[Opening EXTRACTED RECORDS section]
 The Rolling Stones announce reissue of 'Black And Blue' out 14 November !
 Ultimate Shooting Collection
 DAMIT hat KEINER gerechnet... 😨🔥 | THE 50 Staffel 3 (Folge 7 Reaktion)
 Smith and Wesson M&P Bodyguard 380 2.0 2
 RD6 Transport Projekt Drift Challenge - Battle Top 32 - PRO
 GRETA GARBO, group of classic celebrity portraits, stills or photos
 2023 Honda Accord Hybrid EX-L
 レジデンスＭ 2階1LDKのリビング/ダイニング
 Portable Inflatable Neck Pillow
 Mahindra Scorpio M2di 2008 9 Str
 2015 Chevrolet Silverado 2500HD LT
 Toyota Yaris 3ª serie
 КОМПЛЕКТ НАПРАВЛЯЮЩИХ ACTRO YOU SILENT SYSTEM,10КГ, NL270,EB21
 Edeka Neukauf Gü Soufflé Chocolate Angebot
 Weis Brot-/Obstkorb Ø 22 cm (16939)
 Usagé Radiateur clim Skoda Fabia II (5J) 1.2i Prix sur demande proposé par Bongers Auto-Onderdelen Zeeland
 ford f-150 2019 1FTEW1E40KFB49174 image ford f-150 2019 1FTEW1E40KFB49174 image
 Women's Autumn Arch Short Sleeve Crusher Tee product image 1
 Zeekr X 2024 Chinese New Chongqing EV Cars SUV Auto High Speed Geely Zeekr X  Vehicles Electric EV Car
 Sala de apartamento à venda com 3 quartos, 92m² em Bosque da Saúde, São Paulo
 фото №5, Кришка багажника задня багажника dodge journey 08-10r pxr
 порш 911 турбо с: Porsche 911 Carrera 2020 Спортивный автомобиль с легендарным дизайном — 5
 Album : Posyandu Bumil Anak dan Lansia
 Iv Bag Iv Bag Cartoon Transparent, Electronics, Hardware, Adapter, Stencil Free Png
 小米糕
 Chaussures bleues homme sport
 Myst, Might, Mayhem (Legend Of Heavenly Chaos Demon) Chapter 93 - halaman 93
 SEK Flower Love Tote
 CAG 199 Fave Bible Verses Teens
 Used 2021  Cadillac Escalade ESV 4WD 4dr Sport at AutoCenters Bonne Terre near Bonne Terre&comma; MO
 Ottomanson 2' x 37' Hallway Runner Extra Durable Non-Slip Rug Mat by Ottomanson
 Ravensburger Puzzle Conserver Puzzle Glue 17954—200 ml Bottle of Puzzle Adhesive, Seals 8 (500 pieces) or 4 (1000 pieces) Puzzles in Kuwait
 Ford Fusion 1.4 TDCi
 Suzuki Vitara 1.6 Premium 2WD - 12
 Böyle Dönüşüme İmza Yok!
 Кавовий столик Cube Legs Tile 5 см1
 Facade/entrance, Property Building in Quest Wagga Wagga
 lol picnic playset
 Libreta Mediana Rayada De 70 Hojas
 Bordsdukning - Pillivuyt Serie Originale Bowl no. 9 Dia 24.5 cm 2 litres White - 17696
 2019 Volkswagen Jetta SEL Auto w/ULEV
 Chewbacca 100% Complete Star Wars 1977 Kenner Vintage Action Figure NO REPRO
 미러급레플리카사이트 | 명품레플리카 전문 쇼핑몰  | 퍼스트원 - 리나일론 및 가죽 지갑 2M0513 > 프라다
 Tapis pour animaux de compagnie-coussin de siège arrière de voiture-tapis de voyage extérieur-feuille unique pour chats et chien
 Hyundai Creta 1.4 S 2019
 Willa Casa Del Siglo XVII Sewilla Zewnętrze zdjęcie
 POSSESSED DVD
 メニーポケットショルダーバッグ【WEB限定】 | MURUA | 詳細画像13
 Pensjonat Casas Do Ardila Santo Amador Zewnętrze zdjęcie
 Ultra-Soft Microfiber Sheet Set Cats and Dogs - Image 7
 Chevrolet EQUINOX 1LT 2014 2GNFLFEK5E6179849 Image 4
[Closing EXTRACTED RECORDS section]
→ DIRECTIONS
Return an exact copy of only the lines from the one with "Toyota Yaris 3ª serie" through the end of the listing above, both included.

→ REPLY TO THE EXERCISE
 Toyota Yaris 3ª serie
 КОМПЛЕКТ НАПРАВЛЯЮЩИХ ACTRO YOU SILENT SYSTEM,10КГ, NL270,EB21
 Edeka Neukauf Gü Soufflé Chocolate Angebot
 Weis Brot-/Obstkorb Ø 22 cm (16939)
 Usagé Radiateur clim Skoda Fabia II (5J) 1.2i Prix sur demande proposé par Bongers Auto-Onderdelen Zeeland
 ford f-150 2019 1FTEW1E40KFB49174 image ford f-150 2019 1FTEW1E40KFB49174 image
 Women's Autumn Arch Short Sleeve Crusher Tee product image 1
 Zeekr X 2024 Chinese New Chongqing EV Cars SUV Auto High Speed Geely Zeekr X  Vehicles Electric EV Car
 Sala de apartamento à venda com 3 quartos, 92m² em Bosque da Saúde, São Paulo
 фото №5, Кришка багажника задня багажника dodge journey 08-10r pxr
 порш 911 турбо с: Porsche 911 Carrera 2020 Спортивный автомобиль с легендарным дизайном — 5
 Album : Posyandu Bumil Anak dan Lansia
 Iv Bag Iv Bag Cartoon Transparent, Electronics, Hardware, Adapter, Stencil Free Png
 小米糕
 Chaussures bleues homme sport
 Myst, Might, Mayhem (Legend Of Heavenly Chaos Demon) Chapter 93 - halaman 93
 SEK Flower Love Tote
 CAG 199 Fave Bible Verses Teens
 Used 2021  Cadillac Escalade ESV 4WD 4dr Sport at AutoCenters Bonne Terre near Bonne Terre&comma; MO
 Ottomanson 2' x 37' Hallway Runner Extra Durable Non-Slip Rug Mat by Ottomanson
 Ravensburger Puzzle Conserver Puzzle Glue 17954—200 ml Bottle of Puzzle Adhesive, Seals 8 (500 pieces) or 4 (1000 pieces) Puzzles in Kuwait
 Ford Fusion 1.4 TDCi
 Suzuki Vitara 1.6 Premium 2WD - 12
 Böyle Dönüşüme İmza Yok!
 Кавовий столик Cube Legs Tile 5 см1
 Facade/entrance, Property Building in Quest Wagga Wagga
 lol picnic playset
 Libreta Mediana Rayada De 70 Hojas
 Bordsdukning - Pillivuyt Serie Originale Bowl no. 9 Dia 24.5 cm 2 litres White - 17696
 2019 Volkswagen Jetta SEL Auto w/ULEV
 Chewbacca 100% Complete Star Wars 1977 Kenner Vintage Action Figure NO REPRO
 미러급레플리카사이트 | 명품레플리카 전문 쇼핑몰  | 퍼스트원 - 리나일론 및 가죽 지갑 2M0513 > 프라다
 Tapis pour animaux de compagnie-coussin de siège arrière de voiture-tapis de voyage extérieur-feuille unique pour chats et chien
 Hyundai Creta 1.4 S 2019
 Willa Casa Del Siglo XVII Sewilla Zewnętrze zdjęcie
 POSSESSED DVD
 メニーポケットショルダーバッグ【WEB限定】 | MURUA | 詳細画像13
 Pensjonat Casas Do Ardila Santo Amador Zewnętrze zdjęcie
 Ultra-Soft Microfiber Sheet Set Cats and Dogs - Image 7
 Chevrolet EQUINOX 1LT 2014 2GNFLFEK5E6179849 Image 4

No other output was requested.